+++ Input data +++

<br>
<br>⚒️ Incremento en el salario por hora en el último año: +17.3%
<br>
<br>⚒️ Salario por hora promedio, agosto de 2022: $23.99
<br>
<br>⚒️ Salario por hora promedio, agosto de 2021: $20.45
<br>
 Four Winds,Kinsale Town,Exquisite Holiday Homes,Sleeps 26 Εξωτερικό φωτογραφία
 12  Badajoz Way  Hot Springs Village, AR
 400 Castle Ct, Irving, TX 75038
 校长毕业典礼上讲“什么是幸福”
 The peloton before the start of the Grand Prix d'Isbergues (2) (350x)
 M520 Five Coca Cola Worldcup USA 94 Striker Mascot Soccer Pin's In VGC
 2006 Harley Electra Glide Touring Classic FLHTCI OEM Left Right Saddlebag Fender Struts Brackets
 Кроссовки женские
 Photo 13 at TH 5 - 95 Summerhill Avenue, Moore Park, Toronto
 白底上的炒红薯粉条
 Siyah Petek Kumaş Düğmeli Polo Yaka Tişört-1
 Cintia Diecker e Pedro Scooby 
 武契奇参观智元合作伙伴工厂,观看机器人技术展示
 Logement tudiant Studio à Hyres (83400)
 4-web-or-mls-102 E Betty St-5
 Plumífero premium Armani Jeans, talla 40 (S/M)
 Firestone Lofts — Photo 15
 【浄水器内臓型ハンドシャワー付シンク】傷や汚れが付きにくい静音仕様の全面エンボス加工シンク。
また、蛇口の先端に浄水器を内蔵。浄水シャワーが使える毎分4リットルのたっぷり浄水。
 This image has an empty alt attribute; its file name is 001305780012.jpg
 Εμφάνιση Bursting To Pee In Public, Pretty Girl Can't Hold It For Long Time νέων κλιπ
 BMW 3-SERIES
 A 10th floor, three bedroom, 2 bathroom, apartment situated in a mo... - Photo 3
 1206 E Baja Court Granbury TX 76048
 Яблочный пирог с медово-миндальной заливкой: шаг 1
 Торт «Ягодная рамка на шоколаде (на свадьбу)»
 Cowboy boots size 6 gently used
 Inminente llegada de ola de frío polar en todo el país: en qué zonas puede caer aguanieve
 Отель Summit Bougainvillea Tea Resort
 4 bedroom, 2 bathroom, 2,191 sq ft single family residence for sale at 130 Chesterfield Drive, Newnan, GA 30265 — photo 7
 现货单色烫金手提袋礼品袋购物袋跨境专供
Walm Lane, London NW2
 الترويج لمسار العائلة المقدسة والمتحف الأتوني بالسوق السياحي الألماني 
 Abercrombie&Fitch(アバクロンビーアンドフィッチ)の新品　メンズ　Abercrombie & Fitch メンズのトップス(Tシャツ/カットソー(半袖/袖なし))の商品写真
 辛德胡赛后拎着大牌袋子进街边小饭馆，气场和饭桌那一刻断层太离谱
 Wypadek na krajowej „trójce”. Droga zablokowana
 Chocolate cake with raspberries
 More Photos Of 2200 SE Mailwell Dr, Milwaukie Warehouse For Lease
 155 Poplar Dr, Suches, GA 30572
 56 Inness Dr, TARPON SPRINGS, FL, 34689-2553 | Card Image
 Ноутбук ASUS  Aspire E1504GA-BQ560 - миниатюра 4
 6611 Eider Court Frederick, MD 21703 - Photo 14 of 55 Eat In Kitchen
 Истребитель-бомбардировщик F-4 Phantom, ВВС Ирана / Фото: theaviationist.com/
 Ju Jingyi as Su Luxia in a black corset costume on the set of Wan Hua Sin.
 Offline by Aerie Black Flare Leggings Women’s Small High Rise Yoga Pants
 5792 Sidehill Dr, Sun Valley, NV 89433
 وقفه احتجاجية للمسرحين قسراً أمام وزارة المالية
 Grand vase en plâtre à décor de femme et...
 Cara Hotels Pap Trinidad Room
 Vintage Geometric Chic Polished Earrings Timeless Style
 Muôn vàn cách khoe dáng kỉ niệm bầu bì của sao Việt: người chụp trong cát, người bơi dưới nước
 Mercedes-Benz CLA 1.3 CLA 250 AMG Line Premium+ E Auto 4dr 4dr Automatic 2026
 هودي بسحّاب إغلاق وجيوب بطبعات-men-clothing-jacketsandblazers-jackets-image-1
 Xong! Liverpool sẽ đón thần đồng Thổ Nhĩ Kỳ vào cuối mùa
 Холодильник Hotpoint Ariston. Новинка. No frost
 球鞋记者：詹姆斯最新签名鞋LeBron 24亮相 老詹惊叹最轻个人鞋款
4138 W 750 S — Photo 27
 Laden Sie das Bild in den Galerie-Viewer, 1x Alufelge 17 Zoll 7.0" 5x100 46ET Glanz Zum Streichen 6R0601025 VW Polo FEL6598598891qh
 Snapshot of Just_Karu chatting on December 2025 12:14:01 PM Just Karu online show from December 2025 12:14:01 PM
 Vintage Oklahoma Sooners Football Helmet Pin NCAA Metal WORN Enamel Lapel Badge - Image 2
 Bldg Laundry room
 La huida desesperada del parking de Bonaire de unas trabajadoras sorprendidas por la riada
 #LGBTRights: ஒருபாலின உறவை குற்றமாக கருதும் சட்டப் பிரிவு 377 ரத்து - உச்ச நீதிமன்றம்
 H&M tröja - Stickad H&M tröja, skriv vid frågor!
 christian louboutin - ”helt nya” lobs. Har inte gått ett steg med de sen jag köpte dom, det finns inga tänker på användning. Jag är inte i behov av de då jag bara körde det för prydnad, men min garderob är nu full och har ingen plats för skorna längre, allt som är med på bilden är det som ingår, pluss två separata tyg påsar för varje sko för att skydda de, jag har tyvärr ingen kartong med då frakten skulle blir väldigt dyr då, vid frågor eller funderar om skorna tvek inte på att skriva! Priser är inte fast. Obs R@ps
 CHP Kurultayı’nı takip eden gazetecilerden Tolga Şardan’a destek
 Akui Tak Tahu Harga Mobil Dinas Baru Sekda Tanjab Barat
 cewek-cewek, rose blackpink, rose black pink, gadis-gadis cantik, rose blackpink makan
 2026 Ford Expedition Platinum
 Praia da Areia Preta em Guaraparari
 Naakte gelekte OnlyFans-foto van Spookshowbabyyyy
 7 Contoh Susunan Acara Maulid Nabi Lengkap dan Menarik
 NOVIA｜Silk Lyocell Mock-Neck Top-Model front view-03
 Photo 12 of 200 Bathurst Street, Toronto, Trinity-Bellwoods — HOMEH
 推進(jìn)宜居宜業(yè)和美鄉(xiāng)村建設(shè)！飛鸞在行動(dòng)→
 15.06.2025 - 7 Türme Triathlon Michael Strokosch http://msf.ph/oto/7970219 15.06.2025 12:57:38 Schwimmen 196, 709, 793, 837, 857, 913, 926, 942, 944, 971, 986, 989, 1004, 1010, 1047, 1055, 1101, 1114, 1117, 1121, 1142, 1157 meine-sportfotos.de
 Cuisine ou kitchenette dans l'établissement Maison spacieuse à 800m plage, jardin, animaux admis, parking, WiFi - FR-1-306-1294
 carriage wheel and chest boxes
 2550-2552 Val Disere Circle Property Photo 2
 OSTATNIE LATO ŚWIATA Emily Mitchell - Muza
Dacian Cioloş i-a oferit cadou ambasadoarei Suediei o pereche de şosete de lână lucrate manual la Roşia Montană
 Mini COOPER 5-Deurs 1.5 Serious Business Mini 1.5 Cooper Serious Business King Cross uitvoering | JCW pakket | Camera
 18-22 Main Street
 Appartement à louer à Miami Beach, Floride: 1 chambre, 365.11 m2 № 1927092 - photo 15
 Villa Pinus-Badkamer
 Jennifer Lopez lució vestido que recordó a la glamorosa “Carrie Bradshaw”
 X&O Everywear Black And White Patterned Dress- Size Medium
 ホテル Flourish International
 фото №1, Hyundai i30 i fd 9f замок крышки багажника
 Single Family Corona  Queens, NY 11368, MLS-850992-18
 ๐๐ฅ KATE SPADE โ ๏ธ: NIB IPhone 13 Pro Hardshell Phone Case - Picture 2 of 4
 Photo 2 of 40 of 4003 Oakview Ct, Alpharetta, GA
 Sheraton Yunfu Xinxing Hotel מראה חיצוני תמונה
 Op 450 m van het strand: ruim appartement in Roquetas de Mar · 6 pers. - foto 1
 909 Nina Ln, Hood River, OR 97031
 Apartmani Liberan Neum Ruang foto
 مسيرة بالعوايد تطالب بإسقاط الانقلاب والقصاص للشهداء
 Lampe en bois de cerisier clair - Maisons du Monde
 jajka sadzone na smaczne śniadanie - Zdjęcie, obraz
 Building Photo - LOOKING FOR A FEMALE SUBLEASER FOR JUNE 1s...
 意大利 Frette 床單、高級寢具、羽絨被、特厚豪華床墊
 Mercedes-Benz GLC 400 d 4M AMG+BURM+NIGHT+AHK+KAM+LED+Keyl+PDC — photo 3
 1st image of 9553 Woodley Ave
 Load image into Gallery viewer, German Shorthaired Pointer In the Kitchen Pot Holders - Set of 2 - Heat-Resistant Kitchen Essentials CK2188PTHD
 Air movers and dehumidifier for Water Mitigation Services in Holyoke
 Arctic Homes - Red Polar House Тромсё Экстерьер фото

+++

Your assignment: Starting at the line with "Cuisine ou kitchenette" and ending at the line with "Load image into", print each line of the listing above exactly, with no other lines.

Answer to this problem:
 Cuisine ou kitchenette dans l'établissement Maison spacieuse à 800m plage, jardin, animaux admis, parking, WiFi - FR-1-306-1294
 carriage wheel and chest boxes
 2550-2552 Val Disere Circle Property Photo 2
 OSTATNIE LATO ŚWIATA Emily Mitchell - Muza
Dacian Cioloş i-a oferit cadou ambasadoarei Suediei o pereche de şosete de lână lucrate manual la Roşia Montană
 Mini COOPER 5-Deurs 1.5 Serious Business Mini 1.5 Cooper Serious Business King Cross uitvoering | JCW pakket | Camera
 18-22 Main Street
 Appartement à louer à Miami Beach, Floride: 1 chambre, 365.11 m2 № 1927092 - photo 15
 Villa Pinus-Badkamer
 Jennifer Lopez lució vestido que recordó a la glamorosa “Carrie Bradshaw”
 X&O Everywear Black And White Patterned Dress- Size Medium
 ホテル Flourish International
 фото №1, Hyundai i30 i fd 9f замок крышки багажника
 Single Family Corona  Queens, NY 11368, MLS-850992-18
 ๐๐ฅ KATE SPADE โ ๏ธ: NIB IPhone 13 Pro Hardshell Phone Case - Picture 2 of 4
 Photo 2 of 40 of 4003 Oakview Ct, Alpharetta, GA
 Sheraton Yunfu Xinxing Hotel מראה חיצוני תמונה
 Op 450 m van het strand: ruim appartement in Roquetas de Mar · 6 pers. - foto 1
 909 Nina Ln, Hood River, OR 97031
 Apartmani Liberan Neum Ruang foto
 مسيرة بالعوايد تطالب بإسقاط الانقلاب والقصاص للشهداء
 Lampe en bois de cerisier clair - Maisons du Monde
 jajka sadzone na smaczne śniadanie - Zdjęcie, obraz
 Building Photo - LOOKING FOR A FEMALE SUBLEASER FOR JUNE 1s...
 意大利 Frette 床單、高級寢具、羽絨被、特厚豪華床墊
 Mercedes-Benz GLC 400 d 4M AMG+BURM+NIGHT+AHK+KAM+LED+Keyl+PDC — photo 3
 1st image of 9553 Woodley Ave
 Load image into Gallery viewer, German Shorthaired Pointer In the Kitchen Pot Holders - Set of 2 - Heat-Resistant Kitchen Essentials CK2188PTHD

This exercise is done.